Social Security Savings
The number of people receiving disability benefits is increasing every year. Based on the annual report published by the Office of Retirement and Disability Policy, more than 10.9 million people aged 18-64 received disability benefits in 2008. 62.3% of the beneficiaries received social security benefits, 27.7% received benefits from the Supplemental Security Income program, and 11.8% got both social security benefits and SSI. A majority of the beneficiaries were disabled workers.
Disabled workers received an average of $1,063.10 every month from social security and $478 from SSI. A total of $10.5 billion worth of disability benefits were paid in 2008.
Unlike the Social Security Disability program, Supplement Security Income payouts are not based on insurance coverage. It is a social welfare program designed to help people with disabilities that have little or no income.
So if people with disabilities are allowed to fully participate in economic activities and gain meaningful employment, the government can gain savings from social welfare expenditures.
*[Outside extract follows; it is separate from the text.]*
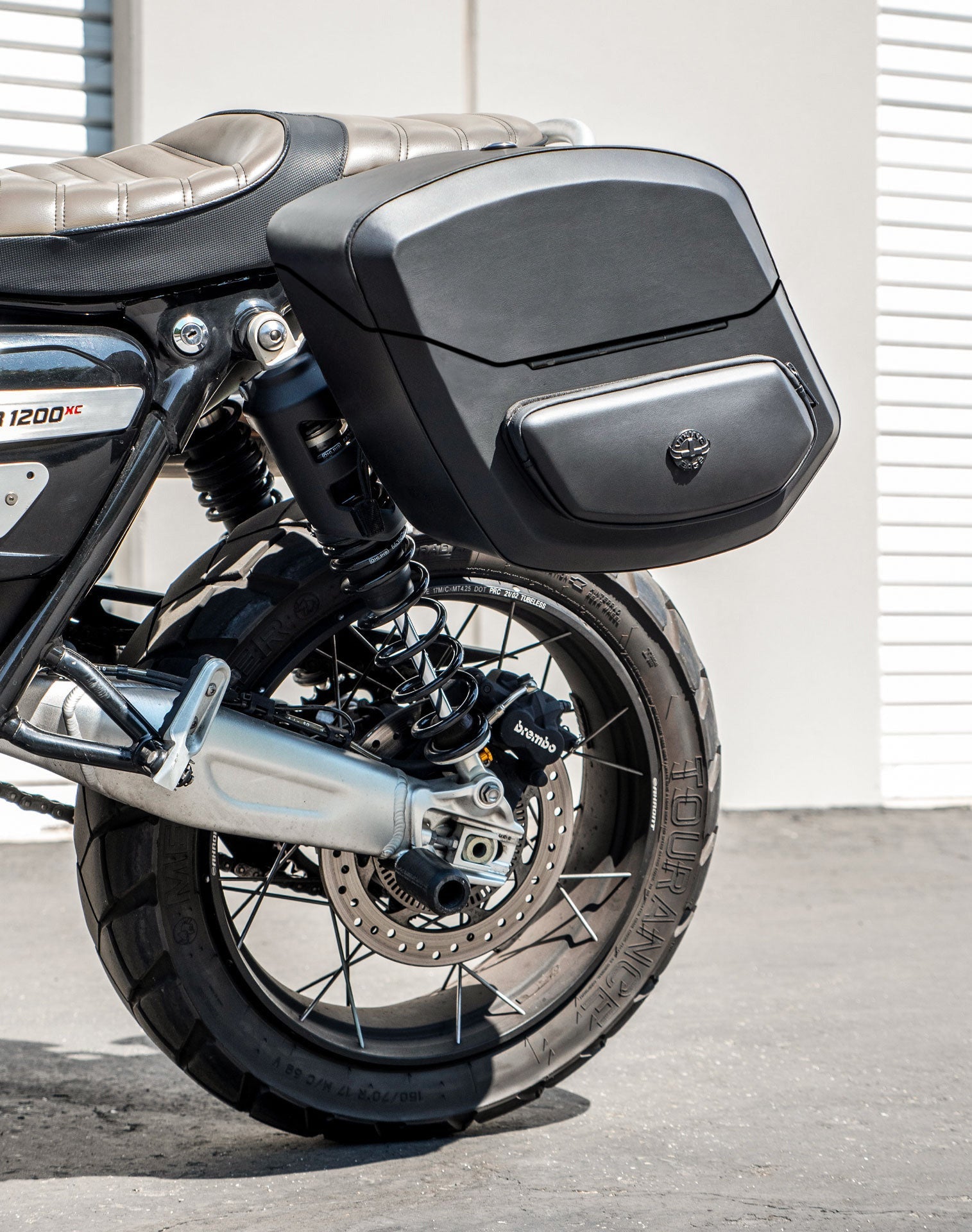 12L - Ironclad Quick Mount Medium Triumph Scrambler 1200 Hard Solo Alforja (Left Only)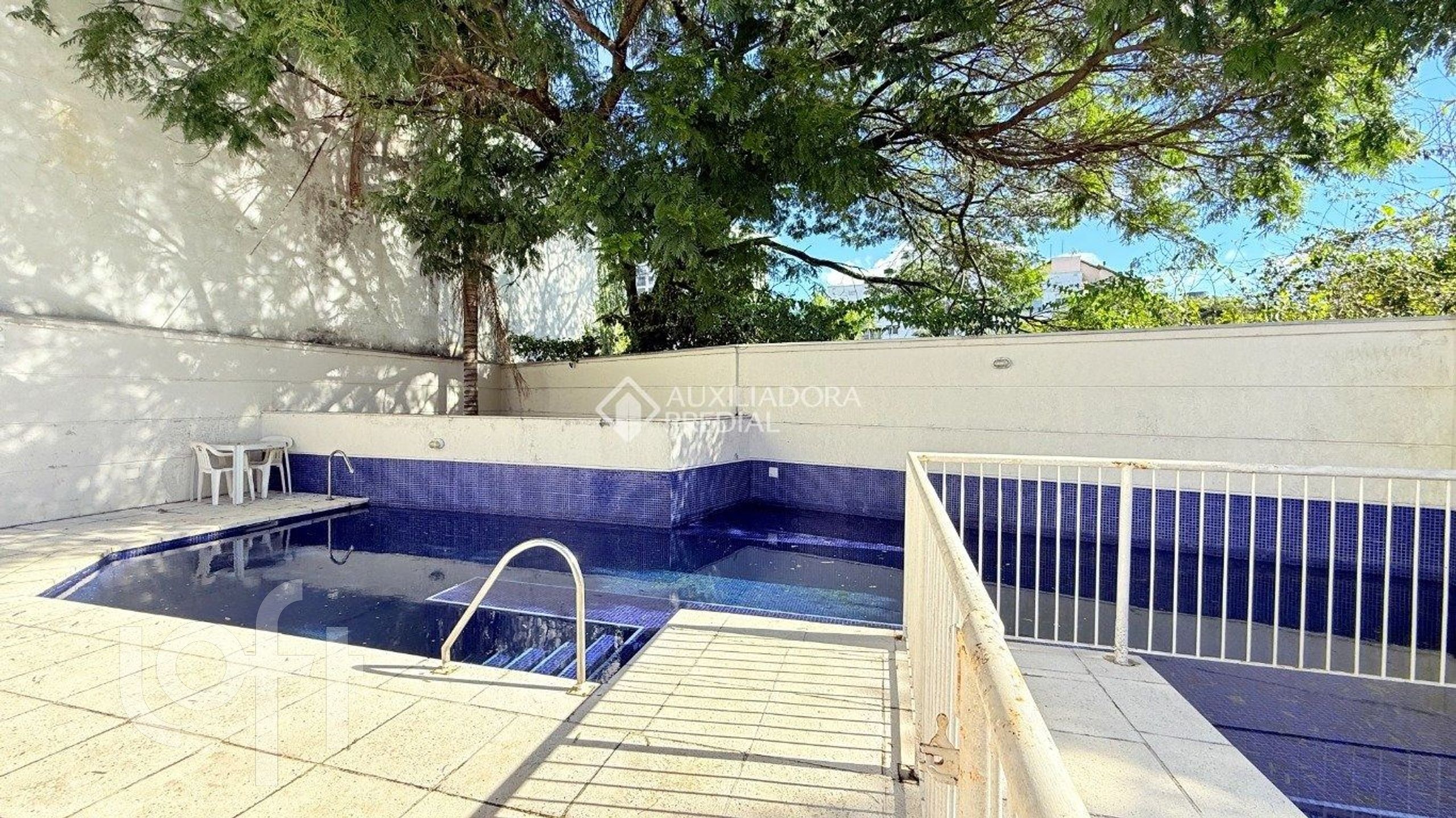 Apartamento à venda em Azenha com 60 m², 2 quartos, 1 suíte, 1 vaga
The high cost of elevated employee turnover rates and an insufficient number of qualified workers present a risk to a business’ competitive edge. Turnovers are expensive. Time and lost productivity cost a business each day that a position is not filled, not to mention the additional operating expenses it takes to search, recruit, and train new employees.
Companies experience an average of 50% turnover every four years, according to a compilation of facts about Training, Work and Jobs by SAGE Learning. And it costs a company 30-50% of the annual salary of entry-level employees, 150% of middle level employees, and up to 400% for specialized high level employees to find their replacements.
It makes good business sense to keep competent workers instead of having to replace them all the time. Hiring people with disabilities is a good solution for high turnover rates. Countless documentations about employing people with disabilities show that they are reliable, motivated workers with a lower turnover rate.
Research also shows that it is more cost-effective to make accommodations for an employee with a disability than to find a replacement that would soon leave for another company. The Job Accommodations Network estimates that more than half of the accommodations that must be made for disabled employees are less than $500. Compare this to the cost it takes to find and train new employees that would soon leave for another company.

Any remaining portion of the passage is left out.